News

State hopes to trim health-care costs through direct negotiations*

Confronting an unprecedented budget shortage, Gov. Arnold Schwarzenegger is scrambling for ways to save money. One possibility: Have the state, not CalPERS, handle negotiations for health-care coverage for state employees. The governor contends that would save the state $132 million, but health-care experts are dubious at best and critics wonder whether it is little more than sleight-of-hand budgeting.

So far, CalPERS isn’t talking about the governor’s plan – at least publicly. The governor’s Department of Finance, in a terse description of the proposal, believes the $132 million savings, which would be realized “by contracting for lower-cost health care coverage directly from an insurer rather than through CalPERS,” would be phased in beginning in January 2010. Despite the language of the proposal, the administration says it hopes to work with CalPERS in designing health plans and getting the most bang for the buck.

Although CalPERS has an array of often-complex health-care options, the bottom line is that opportunities for savings can be limited.
“When you’re paying for health-care coverage, there are three things you can change,” said Marian Mulkey, senior program officer of the California HealthCare Foundation. “You can change the benefits and the services that you cover. You can alter the profile of the people you cover; that is to say, you look at the risks and the characteristics of the people you cover. You can reduce the amount you pay for the services.”

CalPERS, she noted, negotiates health care not just for state employees but for some other government employees as well. Would severing the state-local component save the state money?

“By splitting the pool, you might have some impact on state workers but at the expense of the others covered. If state and local employees were split apart, it (their coverage) might not necessarily cost more. Both are large groups, and even if they are split they are still larger than most employer groups in the state. If there is data to suggest that the state employees themselves are less costly – a little less old, a little less likely to use health-care services than the others – then by splitting the two you could perhaps lower costs,” Mulkey added.

The state does think there is room to cut costs. Several Capitol staffers familiar with the issue agree, at least in part. For example, by eliminating the fiscal intermediaries and other middlemen in the PPO system, the state could save money, they contend. And the state thinks it should help design health coverage.

“We want to make sure that the employees’ coverage still meets their needs, but that they are getting choices that don’t cost as much,” said Lynelle Jolley, a spokeswoman for the Department of Personnel Administration. The DPA represents the administration in collective bargaining negotiations with state employees.

“Sometimes it’s a tradeoff between deductibles and premiums, sometimes it’s a trade off between components of the plan itself. The point of the proposal is to redefine the health care choices that employees have.”

The bulk of the 240,000-member state government workforce, plus an array of local government employees, are covered by health management organizations under agreements negotiated by CalPERS on behalf of its 1.3 million members.

CalPERS, the nation’s largest public pension fund, is the third-largest purchaser of health benefits and the largest in California.
CalPERS buys about $5.7 billion a year worth of coverage. The pension fund has experience in health-care contracting, and because it negotiates large amounts of coverage, it is able to leverage favorable rates, according to experts. Even increases, if modest, are viewed as desirable at a time when health-care costs are increasing sharply.

This year, CalPERS’ members health care coverage costs increased about 4.8 percent overall, the smallest increase in more than a decade and less than a third of the increase in 2004. Rates solely for HMO coverage increased nearly 6.6 percent. Rates for preferred provider organizations, or PPOs, declined slightly.
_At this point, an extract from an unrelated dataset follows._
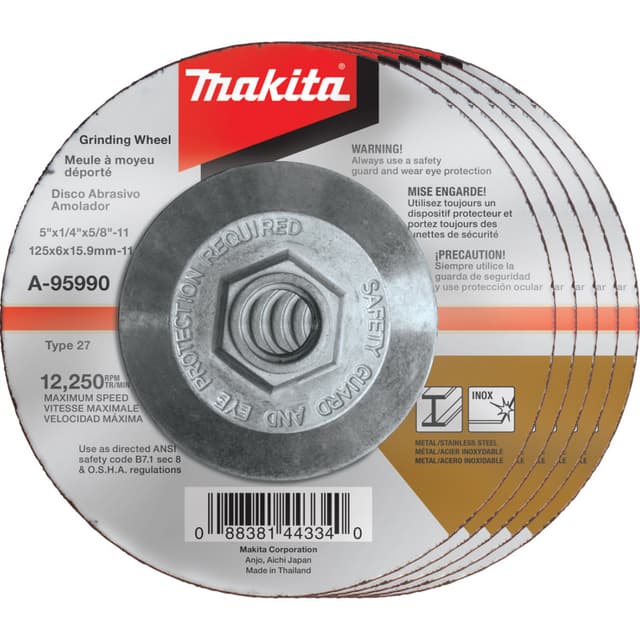 Grinding Wheel, 5", Hubbed, Inox, 5-Pack, Makita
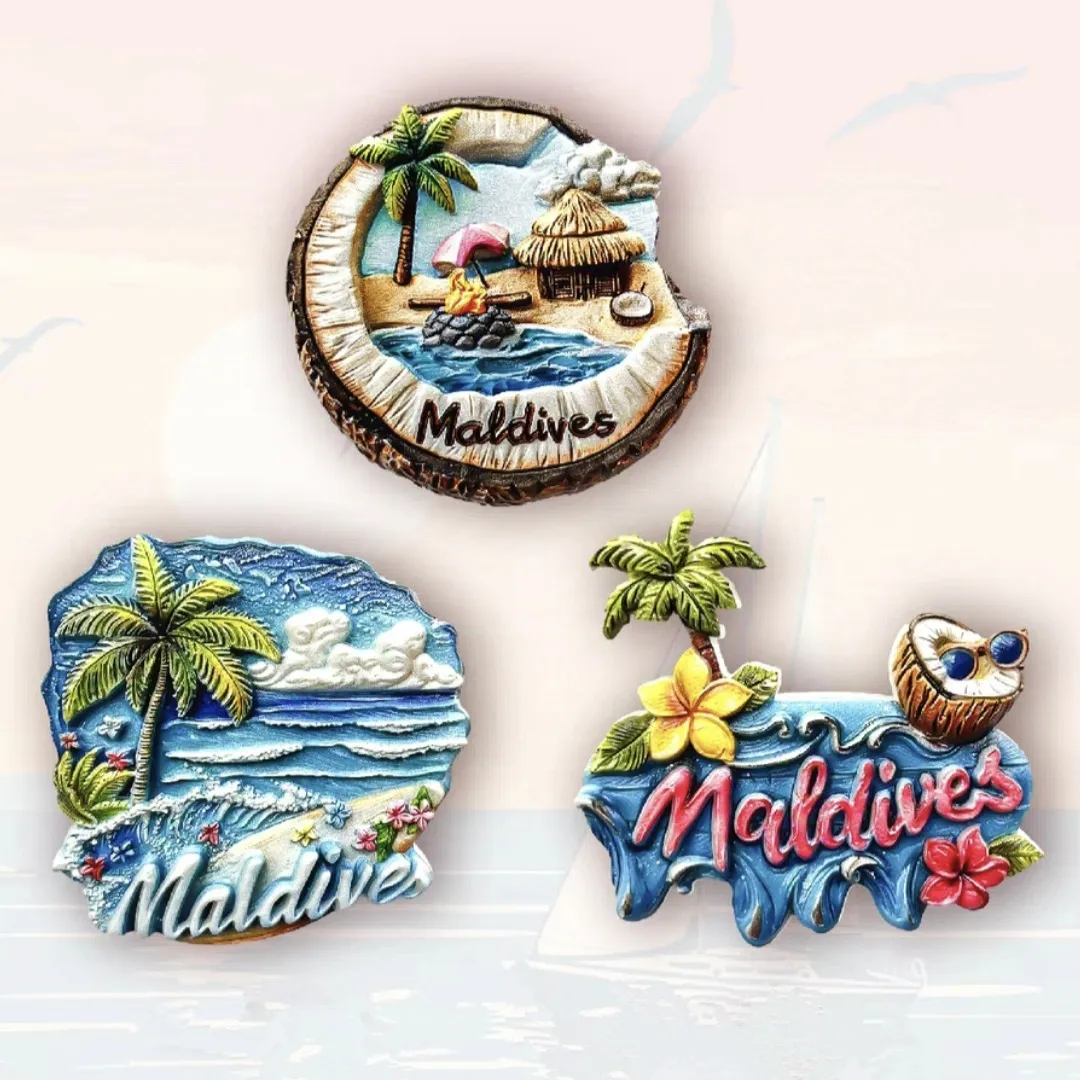 3D Fridge Magnets Refrigerator Sticker Handicraft Gift Decoration Asia Maldives Resin Tourism Souvenir magnetic fridge magnets magnetic sticker magnetic fridge stickers refrigerator decor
Calpers, working with Blue Shield, also noted that it was able to save about $200 million by, among other things, removing high-cost hospitals from the network, adding a lower-cost health plan called NetValue and extending the  contract through December 2010.
But any increase at all in a tight home budget is painful for the employee. An interactive health-care coverage database called a Health Plan Chooser that the Pacific Business Group on Health provided for CalPERS’ Web site, allows employees to consider the differences between their health plans and calculate the cost of each.

But whether the administration could work out similar money-saving deals remains unclear.

“It was weird when he first announced it, and it continues to be a head scratcher,” said Anthony Wright, executive director of Health Access, a grass-roots health advocacy group with strong ties to organized labor. “The assumption of most of us in health care is that CalPERS actually does as good a job as anybody because it has negotiated on behalf of so many. Bulk purchasing tends to work.”

“Given who it is that they are actually covering, CalPERS does a better job than most. The idea of breaking up the pool of local and state workers seems to be more of power or control than in actually saving any money,” Wright added. “It’s not clear how they would save money. I haven’t seen how they arrive at that.”

*Editor's Note: This story corrects an earlier version with the title and affiliation of Marian Mulkey, senior program officer of the California HealthCare Foundation.